We ate lunch at Tupelo Honey Cafe, which has the best whipped peach butter and people watching in the South. The food is organic, local, and hearty, as is the waitstaff, but the passerbys are the real treat. On the same block you’ll find the gallery owner who was sick of New York, the star-eyed folk singer, the Christian fundamentalist with a bullhorn, and the families who drove down from the hills for a day in the city. Everyone says hello.
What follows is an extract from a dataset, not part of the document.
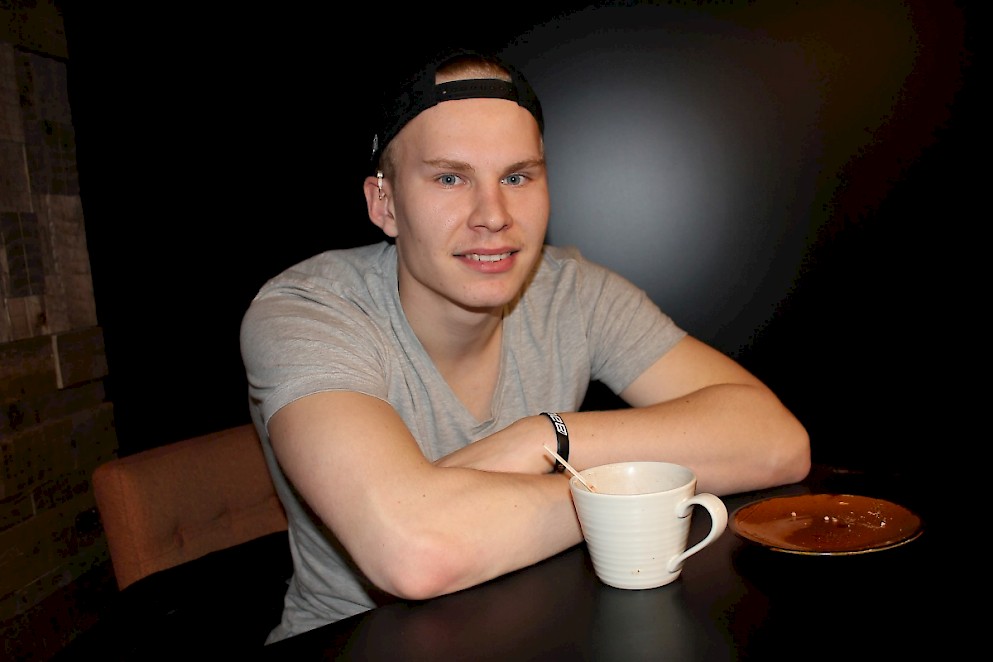 Urheilijakin voi joskus pysähtyä kaakaotauolle. Antti Ropponen piipahti vapaapäivänään kokkolalaisessa kahvilassa.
While the boutiques are filled with authentic bits of folk art and organic food abounds, the true Asheville is out on the sidewalk. You will never see a group of people as diverse as here. 

After some barhopping (there are some great microbrew taphouses, like Barley’s and Asheville Brewing Company)

we stumbled upon yet another only-in-Asheville scene. In an alley off Biltmore Avenue, a group of locals had set up a makeshift rave. DJ La Muerte played breakbeats on a laptop. Four or five partiers drunkenly waved glowsticks while a panicked chocolate Lab (glowstick around neck)

ran in circles. Once you think you have this city figured out, you stumble across an unholy blend of Deliverance and 24 Hour Party People.

Afterwards, I ordered a vodka tonic at the bar across the street. The bartender looked at me and asked, “Why not try a mojito?  We have this great locally grown organic mint.”

Photo: Above, Broadway in Asheville, by danmaxey; Below, a impromptu raver gets her dance on, by Hunter Braithwaite.